Anesu Sithole, from Zimbabwe, makes bedspreads and cushions and sells them from a stall in Johannesburg
A pilot study conducted by HIP in Uganda - a country that allows refugees to work and actively promotes self-reliance - found that the majority of refugees living in the capital, Kampala, survived with very little humanitarian assistance by building livelihoods based on local demands.
“Politics doesn’t disappear, and the regulatory environment of the host governments changes what can be done dramatically, but if you can gradually start to show that in countries like Uganda, refugees can represent an economic opportunity for the host state and population, you might have the hope of changing the regulatory environment,” said Alexander Betts, HIP’s director and a lecturer at Oxford University’s Department of International Development.

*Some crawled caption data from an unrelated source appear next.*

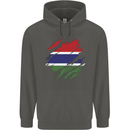 Torn Gambia Flag Gambian Day Football Childrens Kids Hoodie Storm Grey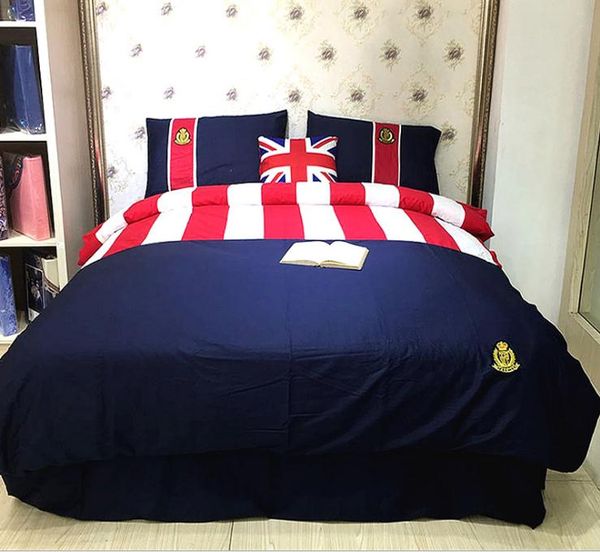 Home Textile Dark Blue Red Simple Bedding Sets Full Queen Size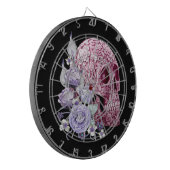 Roze Floral Sugar Skull Purple Flowers Dartbord (Voorkant Links)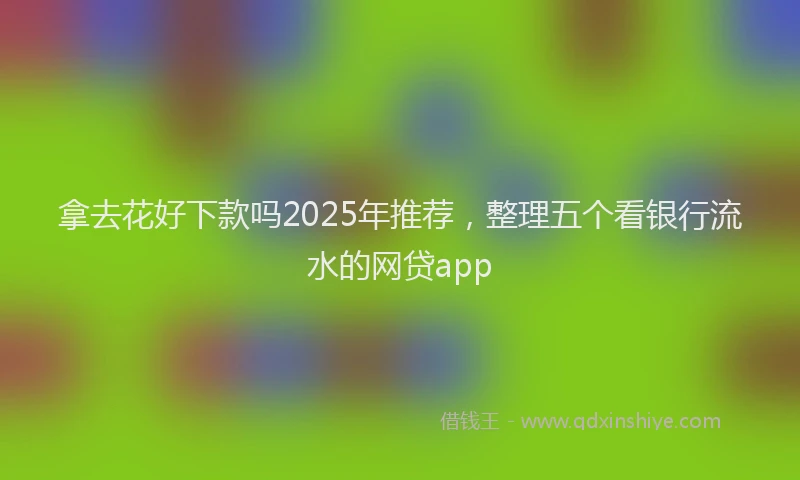 拿去花好下款吗2025年推荐，整理五个看银行流水的网贷app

Even in countries where refugees continue to be restricted to camps, many find a way to generate an income by operating small businesses selling goods and services to each other. Technological advances are further expanding livelihood opportunities in camps by opening the way for online learning and “virtual” work. At the Dadaab refugee complex in Kenya, a two-year pilot project run by San Francisco-based non-profit Samasource outsourced small computer-based tasks - part of larger projects from Silicon Valley companies - to refugees who had received basic computer training.
Dadaab’s security challenges prevented the project from being extended, but Betts believes there is potential for far more private sector engagement in the refugee sector, not only in the form of philanthropy and social responsibility, but through innovative partnerships that are mutually beneficial. He gives the example of a company called Technology for Tomorrow, started by a Ugandan engineer, which employs both Ugandans and refugees to produce environmentally friendly sanitary pads that are sold to UNHCR for distribution in Uganda’s refugee settlements.
Refugees have their own ideas about how they would like to become self-reliant, but they often lack the skills or resources to get businesses up and running. One of the goals of HIP is to establish Refugee Innovation Centres - a physical space where refugees, alongside locals, could access vocational training, mentorship, microcredit and computer facilities.
“The vision is very much for a bottom-up approach where the kind of self-reliance activity would be determined by them,” said Betts. “It can’t just be things parachuted in from the outside.”